The decision comes after eight local police associations asked a judge to stop the law from being retroactive, saying their departments shouldn’t release previous records.

The lawsuit was filed less than a month after Senate Bill 1421 took effect. The groundbreaking law requires departments to release to the public records of officer-involved shootings and major uses of force, officer dishonesty, and confirmed cases of sexual assault.

According to the lawsuit, Senate Bill 1421 doesn’t contain any express provision or language requiring retroactivity or any clear indication that the legislature intended the statue to operate retroactively. It argues the bill eliminates the longstanding statutory confidentiality of specified peace officer or custodial officer personnel records.

“Forty-five years these documents have been deemed to be confidential and private,” said Richard Pinckard, attorney for the Police Officer Associations. “Decisions were made in that forty-five year period, now we’re changing that not just prospectively, but we’re changing it retroactively; that’s a problem."

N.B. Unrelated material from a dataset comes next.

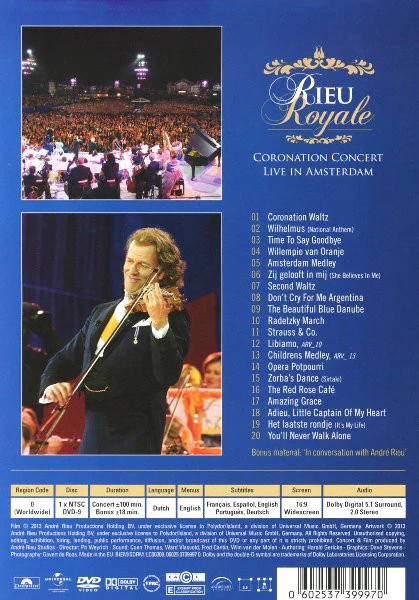 DVD André Rieu – Rieu Royale (Coronation Concert Live In Amsterdam) - Image 2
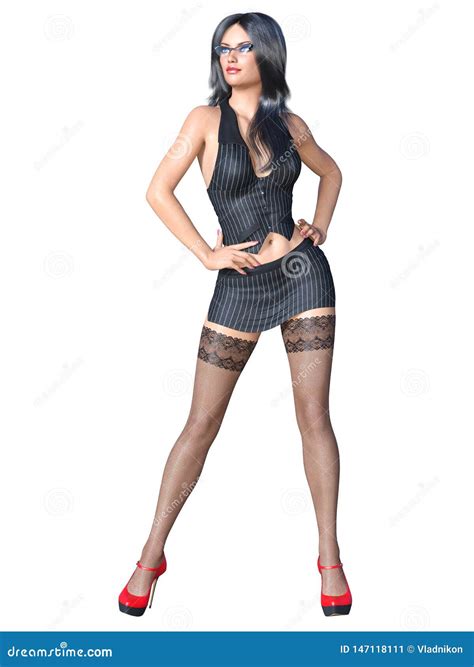 Long-haired Brunette Secretary Uniform Black Stocking. Stock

A lawyer representing 10News, the San Diego Union-Tribune, the Voice of San Diego, KNSD, and KPBS plans to intervene in the case.

An attorney representing the American Civil Liberties Union San Diego and Imperial Counties also plans to intervene. Bardis Vakili says the ACLU worked with the state legislature to pass the law and believe if the records exist, the public has a right to know.

“Shining sunlight on serious misconduct in any government entity is important in the public's ability to hold that governmental entity accountable,” Vakili said.

The attorney for the associations says he doesn't believe the law is about transparency, he thinks it's about publicly shaming law enforcement.

It’s not just San Diego County. Police Officer Associations across the state are filing similar legal challenges.

Attorneys for 10news and other local media organizations will make their case later this month.